Task statement:
Please copy the lines below, exactly as they are, from the one with "Pencil Case-2 Sections-Huckleberry" through the one with "Sweter z dzianiny warkoczowej z dekoltem w serek Sweter", and leave out the pictures.

Data shown:
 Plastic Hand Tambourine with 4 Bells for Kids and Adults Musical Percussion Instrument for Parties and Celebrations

--

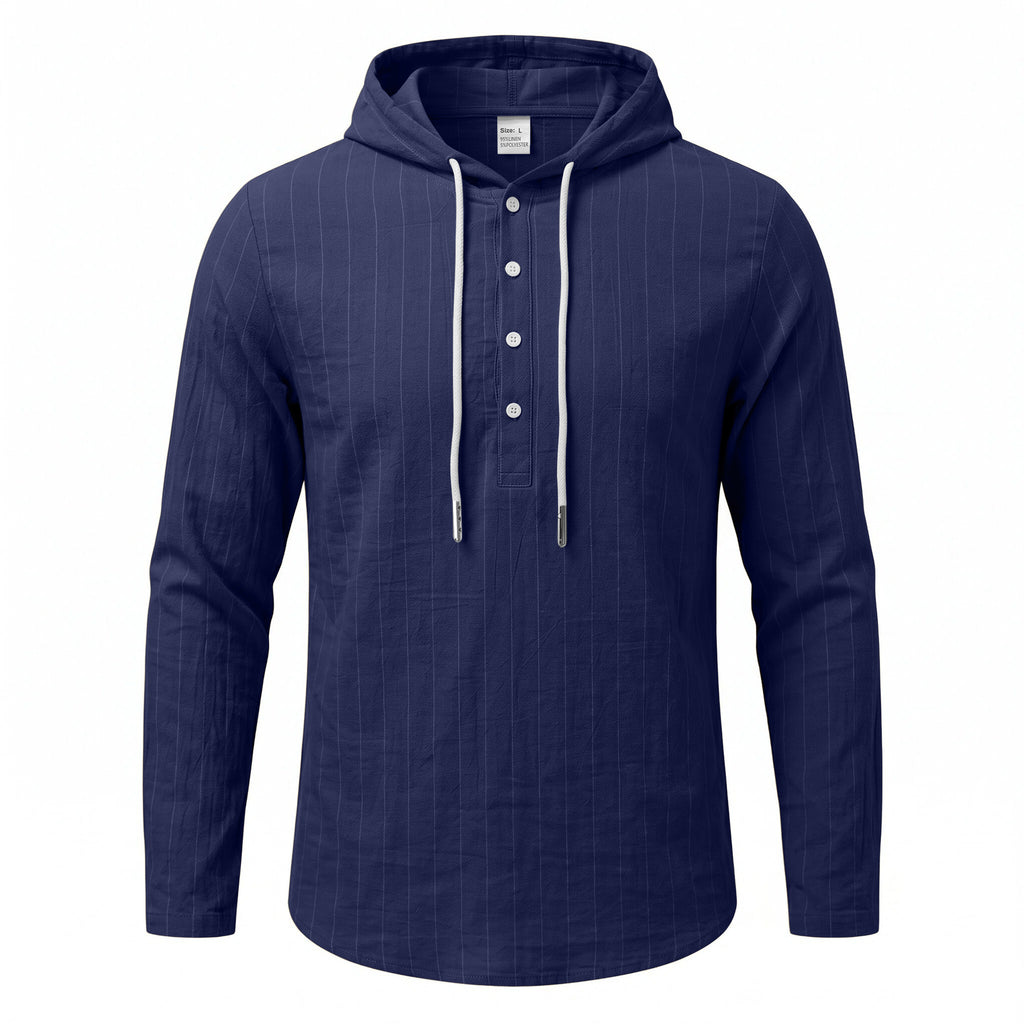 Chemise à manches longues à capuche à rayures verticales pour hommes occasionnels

--

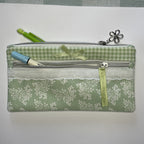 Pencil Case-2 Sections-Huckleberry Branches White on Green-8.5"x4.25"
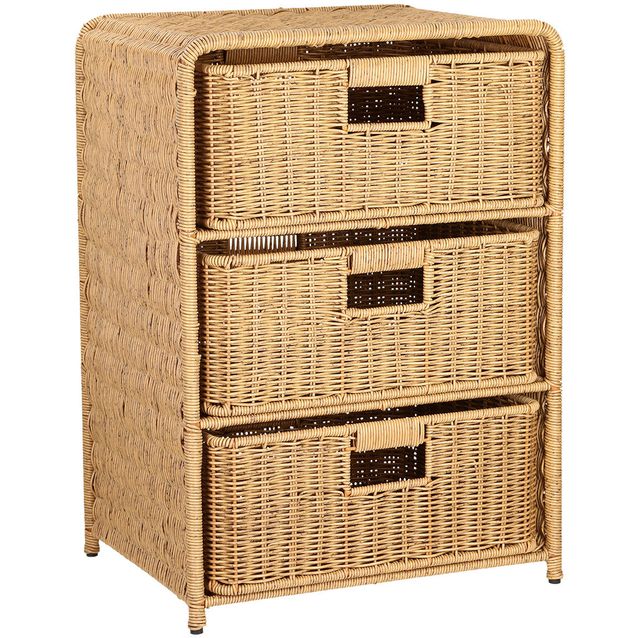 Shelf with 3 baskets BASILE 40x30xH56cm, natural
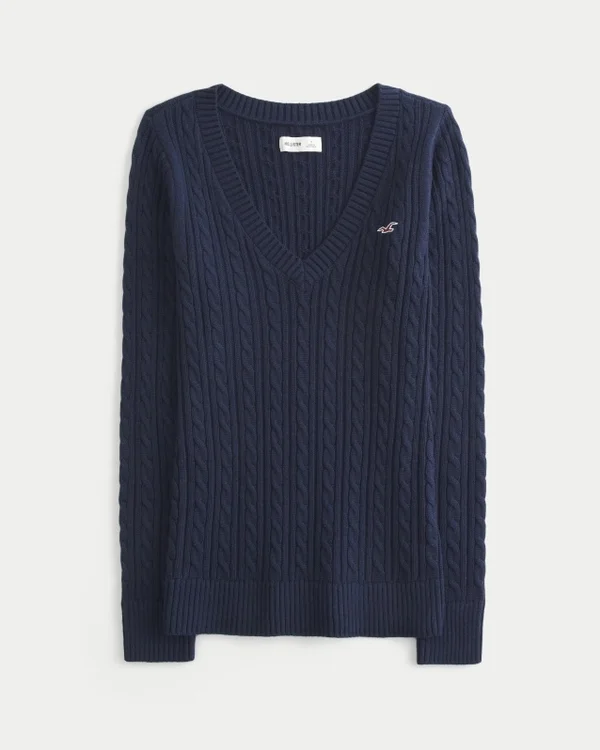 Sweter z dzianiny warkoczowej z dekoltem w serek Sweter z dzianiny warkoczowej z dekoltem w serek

Solution below:
 Pencil Case-2 Sections-Huckleberry Branches White on Green-8.5"x4.25"
 Shelf with 3 baskets BASILE 40x30xH56cm, natural
 Sweter z dzianiny warkoczowej z dekoltem w serek Sweter z dzianiny warkoczowej z dekoltem w serek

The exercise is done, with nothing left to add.